Why Android Upgrades Take So Long
adeelarshad82 writes "Last month Google released the Android 4.0 'Ice Cream Sandwich' code base to the general public and manufacturers but it may be a while yet before it's actually rolled out to existing phones. In an attempt to explain why it takes so long, Motorola and Sony Ericsson shed some light on the process. Motorola described the long testing process involved in getting the new code out there, whereas Sony focused on explaining the time-consuming certification process."
So, this long and rigorous testing process is why smartphones are known for their rock-solid stability, seamless integration between hardware and software, and general lack of baffling fail, right?
OEMS: I takes time to integrate our own buggy, irremovable software into the kernel.
Summation 2
That's why!
"Operators then may want to customize the software, and the OS must be localized for the market and language."

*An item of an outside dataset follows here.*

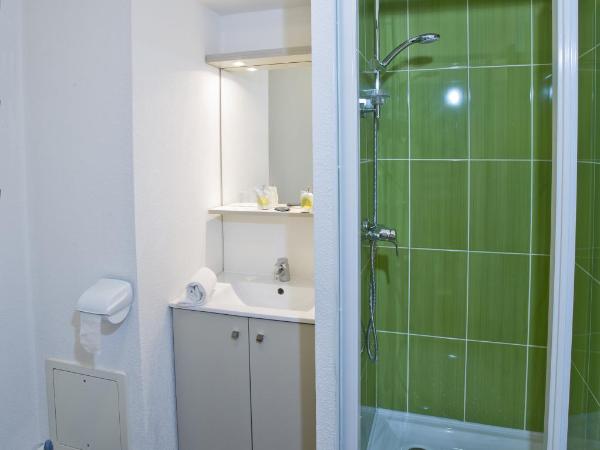 All Suites Appart Hôtel Dunkerque : photo 3 de la chambre studio Économique avec lit double (1-2 adultes) 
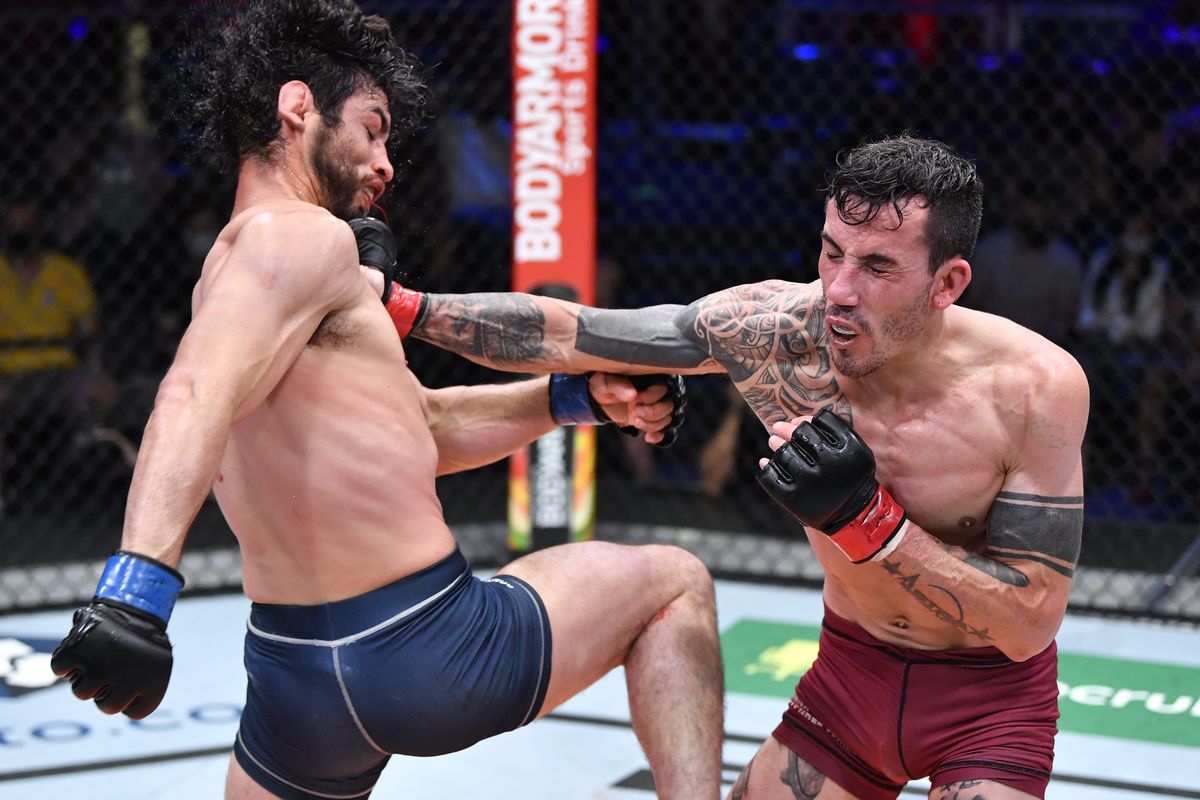 Saimon Oliveira in the octagon.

I think that is where the bulk of the time is spent.
Is it because the handset manufacturers don't make any money from the software and are probably more interested in selling you a new phone? After a year or so of support, they've generally shown almost no interest in pushing out additional upgrades as they probably don't even sell that particular model of phone any longer. Unless it's a Nexus phone, or a particularly popular model, support is pretty sketchy. There are a lot of promises to update phones to ICS, but I won't be surprised when a lot of those plans get canceled or delayed indefinitely.

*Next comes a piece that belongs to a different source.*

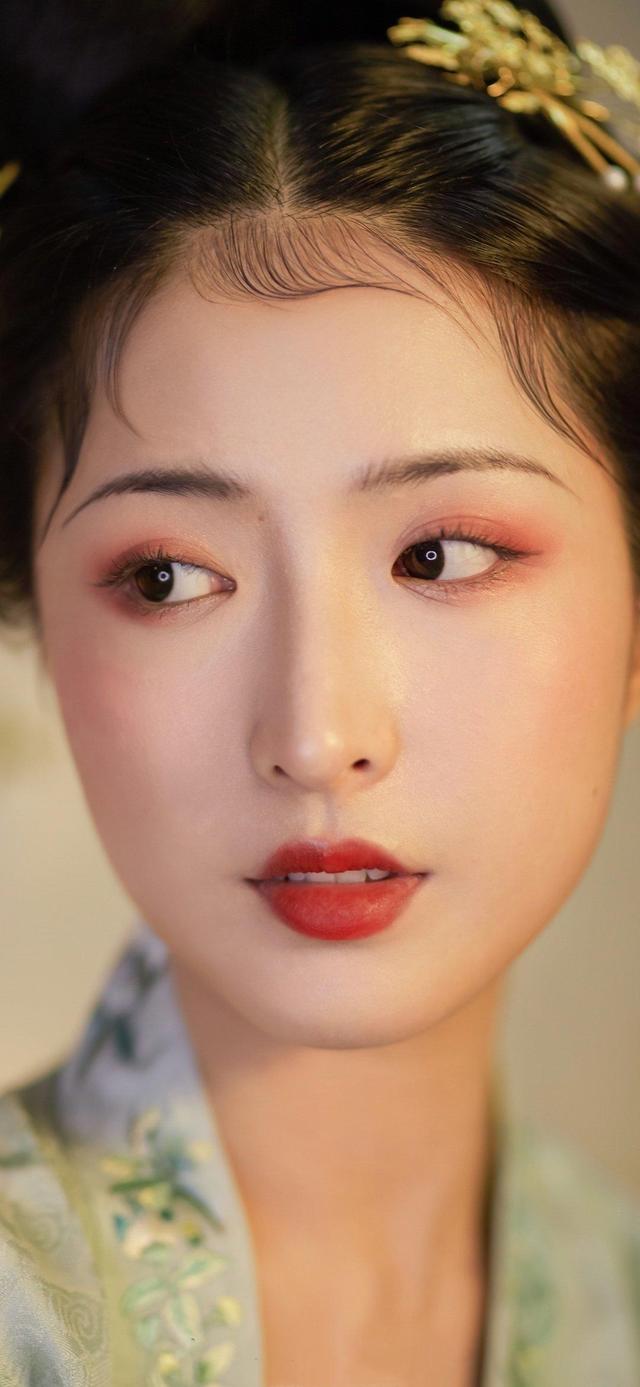 将眉毛化成小重山？美妆博主玩转古代眉，网友直呼：古装剧需要你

Wading through the code and carrier requirements certainly tacks on some additional time, but considering that these companies don't have much incentive outside of brand loyalty, which may not even exist to any serious extent, to update their old hardware, I don't think that they try too terribly hard to get it done in a timely fashion.
(16GB to compile ICS? jesus fuck why?)
16GB recommended, not required, and it's because they're using memory-intensive optimization flags set.
It compiles. What more do you want?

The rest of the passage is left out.